RIYADH/DUBAI: Saudi authorities plan to take ownership of a majority stake in MBC Group, the Middle East's largest private media company, as they move to seize assets from those caught up in an anti-corruption probe, sources close to the matter said on Wednesday.
Officials plan to transfer ownership of 60 percent of the regional broadcaster while leaving the remaining 40 percent in the hands of Waleed al-Ibrahim, MBC's founder and chairman, the two sources told Reuters.
A Saudi official denied that the government would take any stake in MBC, saying nothing would be changed at the company. MBC declined to comment.
The broadcaster is currently 50 percent owned by other members of the Ibrahim family and 10 percent owned by Saleh Kamel, a Jeddah-based businessman who was detained at the Riyadh Ritz-Carlton during the crackdown, the sources said.

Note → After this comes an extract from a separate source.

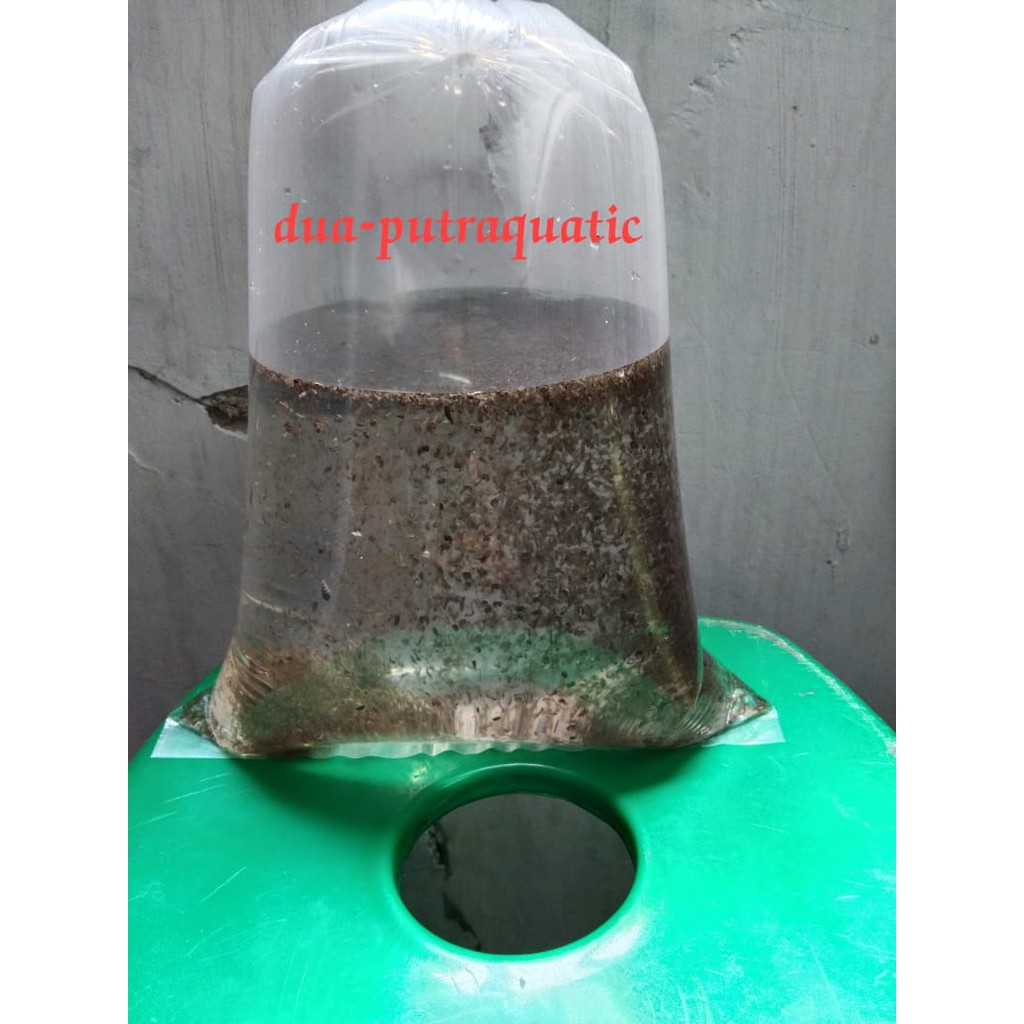 Jual Encu / Jentik Nyamuk Pakan Ikan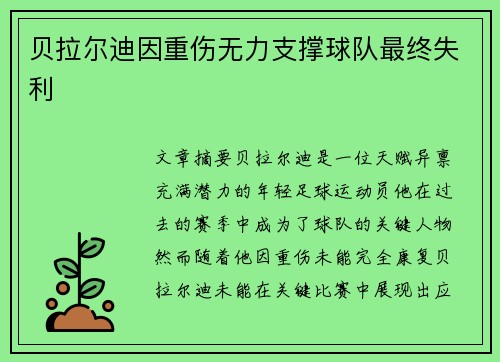 贝拉尔迪因重伤无力支撑球队最终失利 贝拉尔迪因重伤无力支撑球队最终失利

Waleed al-Ibrahim and his three brothers Khaled, Majed and Abdulaziz were likewise held at the Ritz-Carlton throughout the campaign, along with several hundred other businessmen and princes, and released in late January.
Dozens of suspects agreed to hand over more than $100 billion of assets to the state in financial settlements of allegations against them, officials have said.
A senior MBC executive said at the time of Waleed al-Ibrahim's release that he was found innocent of any wrongdoing.
One of the sources said that Saudi authorities had initially begun talks to acquire a stake in MBC about two years ago, but that the parties could not agree on a price as MBC executives considered the government offer too low.
"Then they got it for free," said the source, speaking on condition of anonymity because of the political sensitivities involved in the case.
News of the prospective transfer follows the announcement of a 6.6 billion riyal ($1.8 billion) deal between state-run Saudi Telecom (STC) and the kingdom's General Sports Authority for exclusive rights to broadcast Saudi professional soccer matches over 10 years.
The deal took the rights away from the privately-controlled MBC, which in July 2014 signed a 10-year, 4.1 billion riyal deal to obtain them.
One of the sources said the rights were awarded to STC, which is 70 percent owned by the kingdom's sovereign wealth fund, without any tender.